Exercise requirements: Pictures aside, repeat the whole listing word for word.

§ §

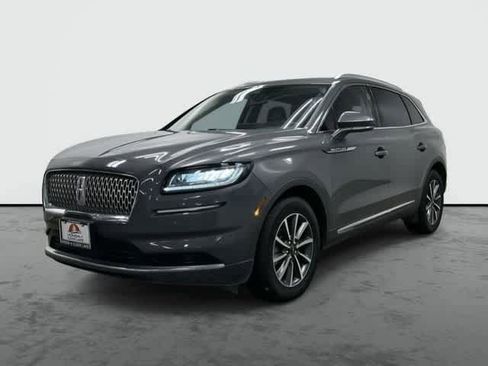 Used 2022 Lincoln Nautilus FWD image 1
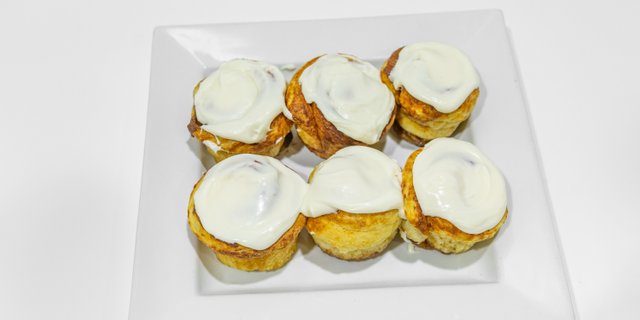 Classic Smedium Sized Cinnamon Rolls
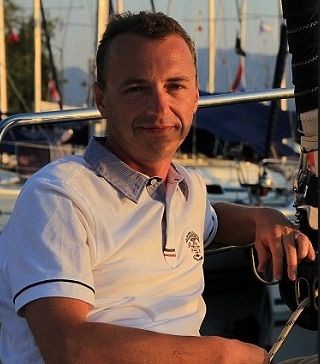 Андрей Оливейра - тренер по бинарным опционам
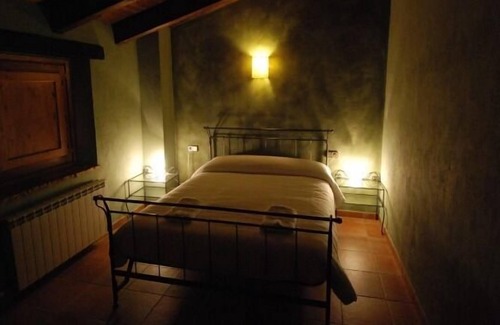 Biosca Cabaña | Casa rural Les Cots de Lloberola de 11 a 47 personas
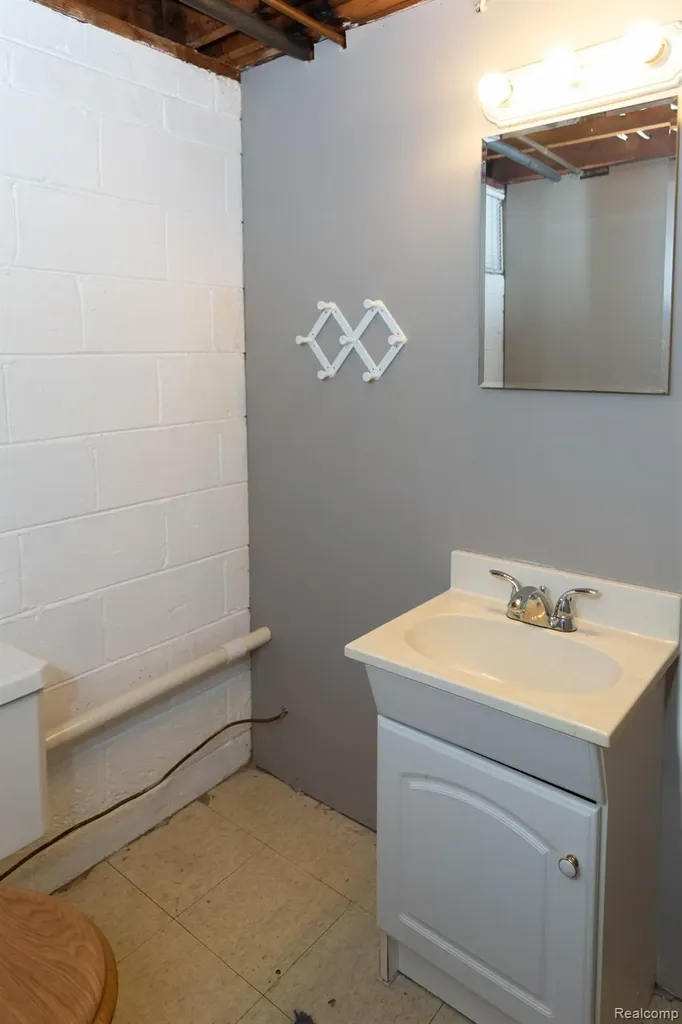 16696 Beech Daly Road Redford Charter Township MI 48240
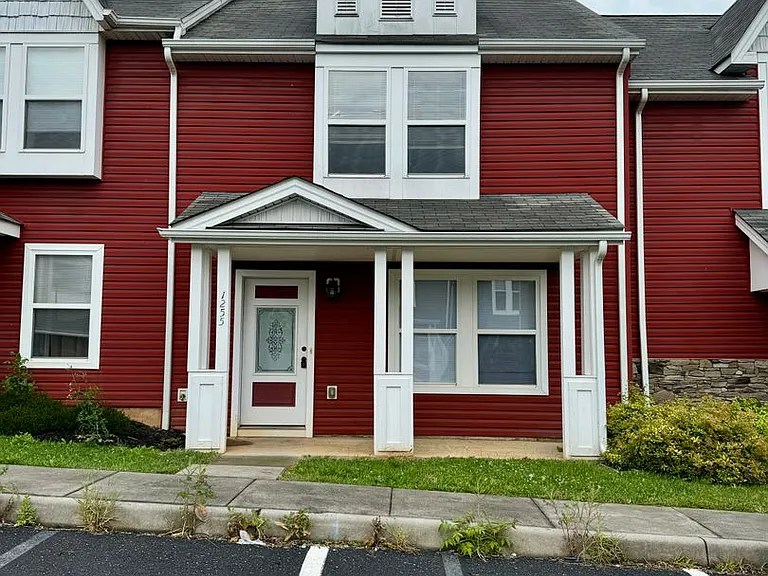 1255 Poets Ct — Photo 1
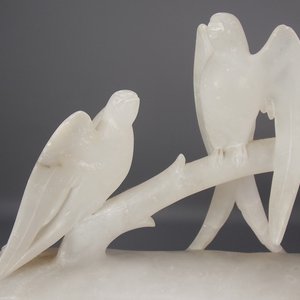 Escultura de Alabastro con 6 Pájaros sobre Rama y Base de Madera - imagen 4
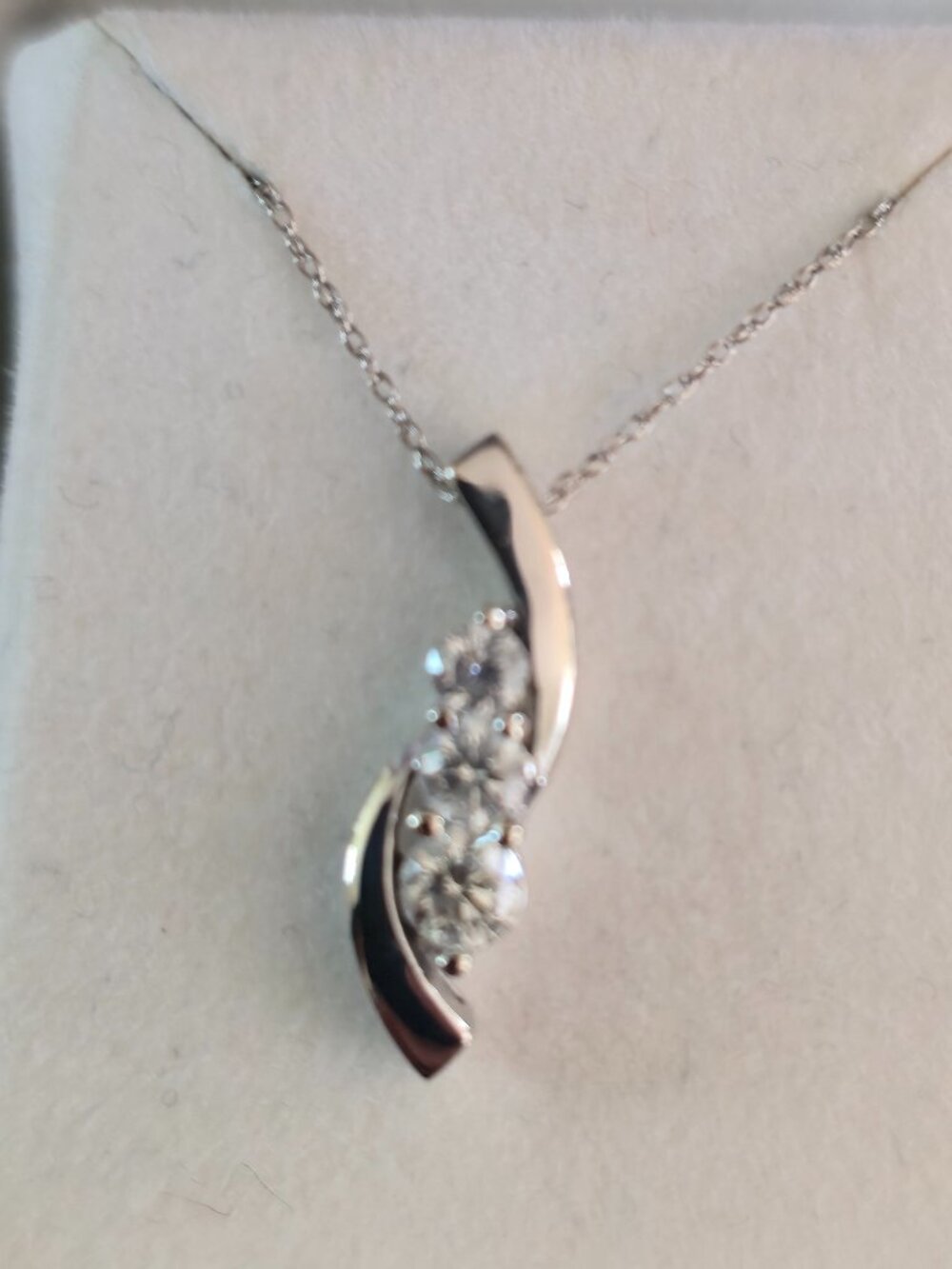 IGI Certified 1/2 CTTW Natural Diamond Pendant 14KT White Gold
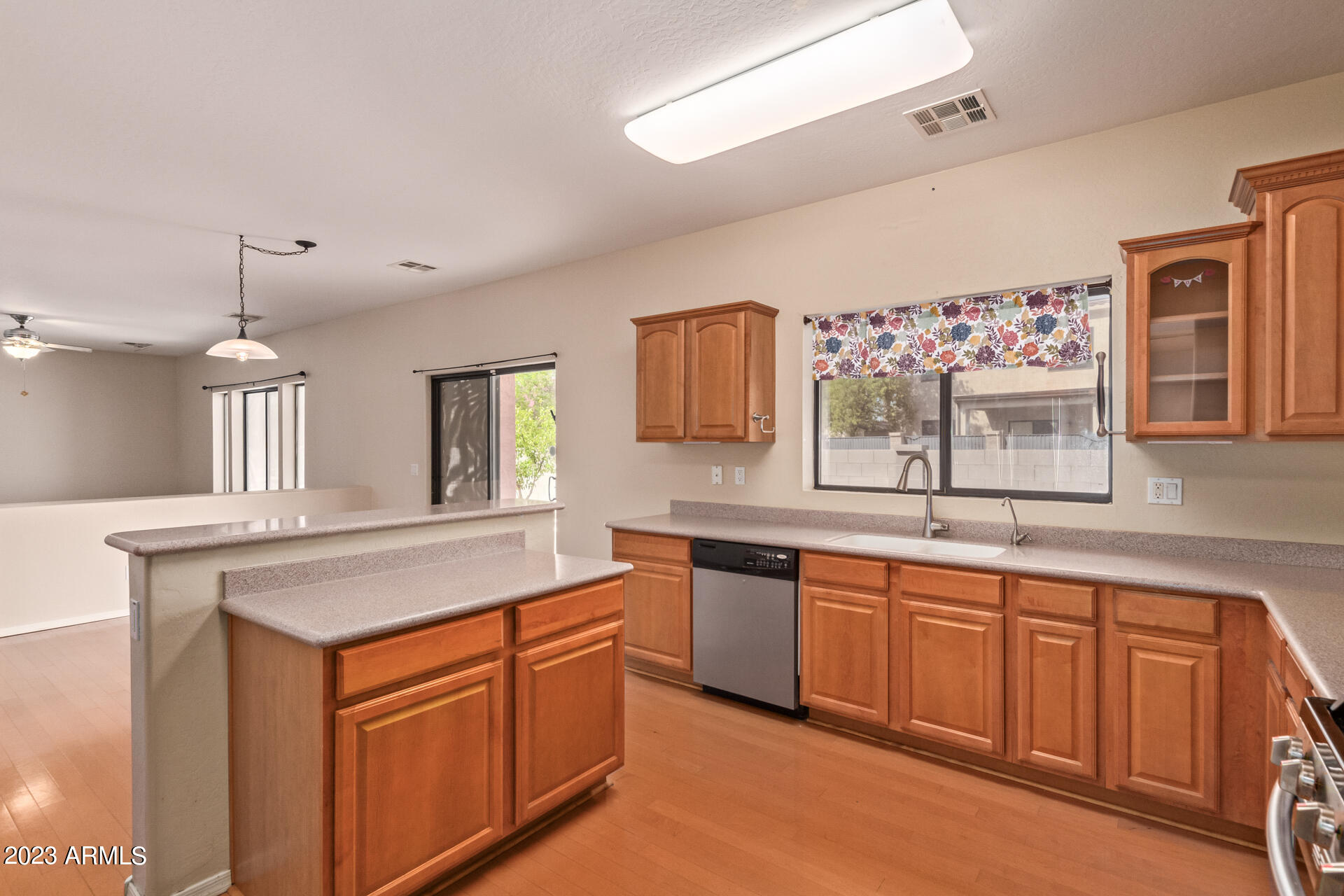 121 N SILVERWOOD Drive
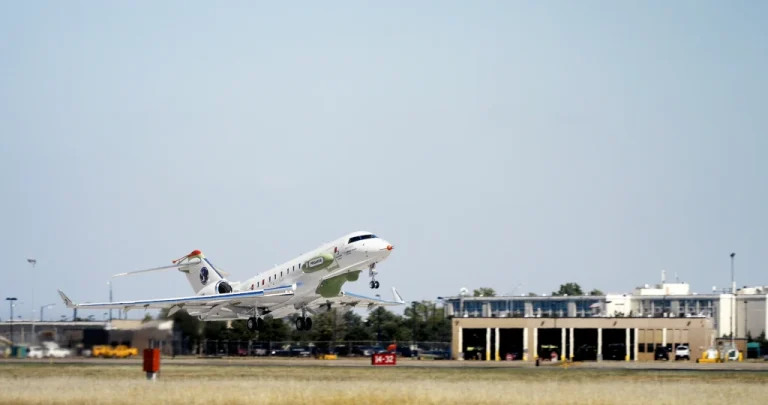 Das für das Programm „Persistent German Airborne Surveillance System“ (PEGASUS) der Bundeswehr modifizierte Flugzeug von Bombardier hebt im Wichita Flight Test Center von Bombardier ab. (Foto: HENSOLDT/Lufthansa Technik Defense/Bombardier Defense)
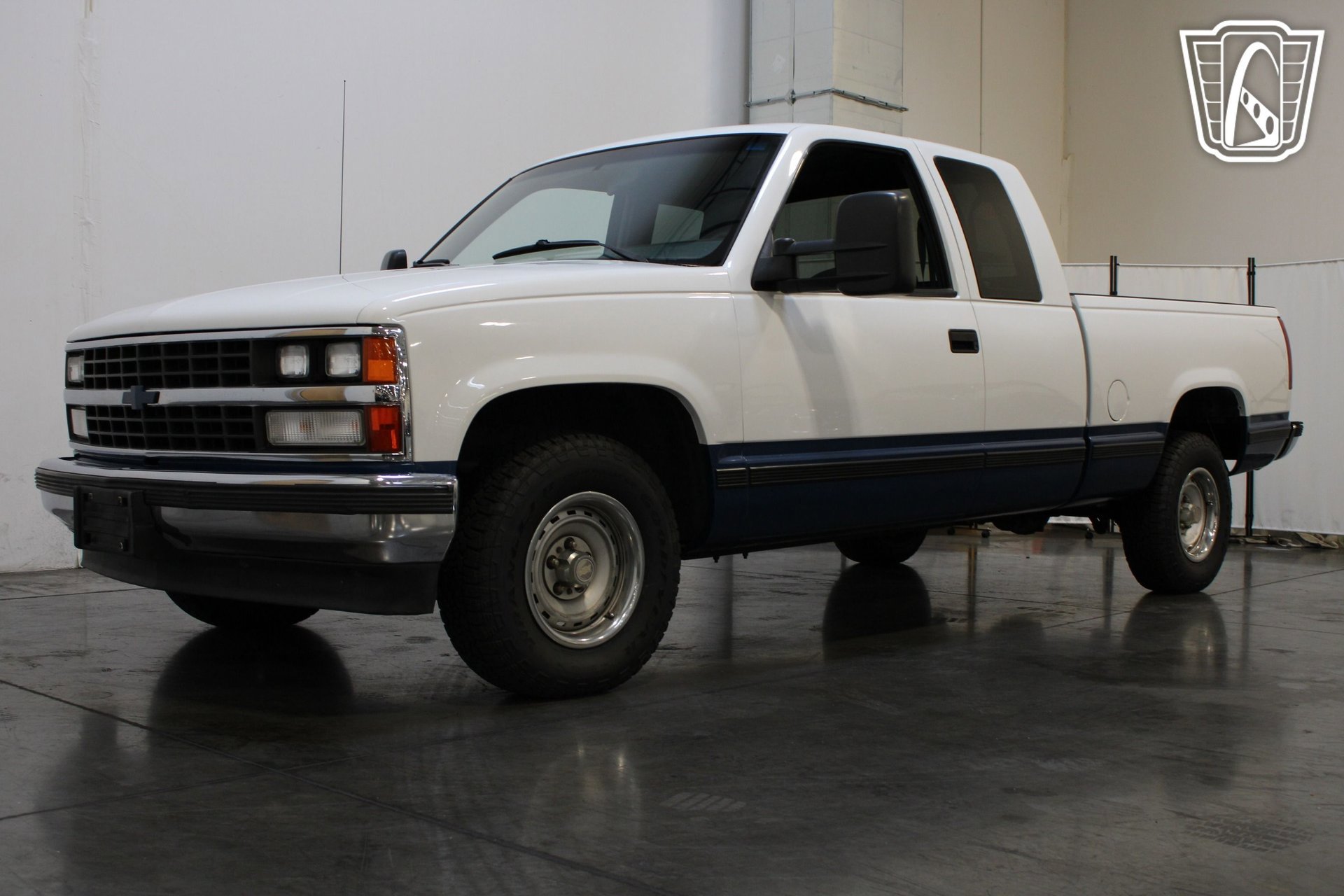 Used 1989 Chevrolet Silverado 1500 2WD Extended Cab image 21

§ §

Written answer:
 Used 2022 Lincoln Nautilus FWD image 1
 Classic Smedium Sized Cinnamon Rolls
 Андрей Оливейра - тренер по бинарным опционам
 Biosca Cabaña | Casa rural Les Cots de Lloberola de 11 a 47 personas
 16696 Beech Daly Road Redford Charter Township MI 48240
 1255 Poets Ct — Photo 1
 Escultura de Alabastro con 6 Pájaros sobre Rama y Base de Madera - imagen 4
 IGI Certified 1/2 CTTW Natural Diamond Pendant 14KT White Gold
 121 N SILVERWOOD Drive
 Das für das Programm „Persistent German Airborne Surveillance System“ (PEGASUS) der Bundeswehr modifizierte Flugzeug von Bombardier hebt im Wichita Flight Test Center von Bombardier ab. (Foto: HENSOLDT/Lufthansa Technik Defense/Bombardier Defense)
 Used 1989 Chevrolet Silverado 1500 2WD Extended Cab image 21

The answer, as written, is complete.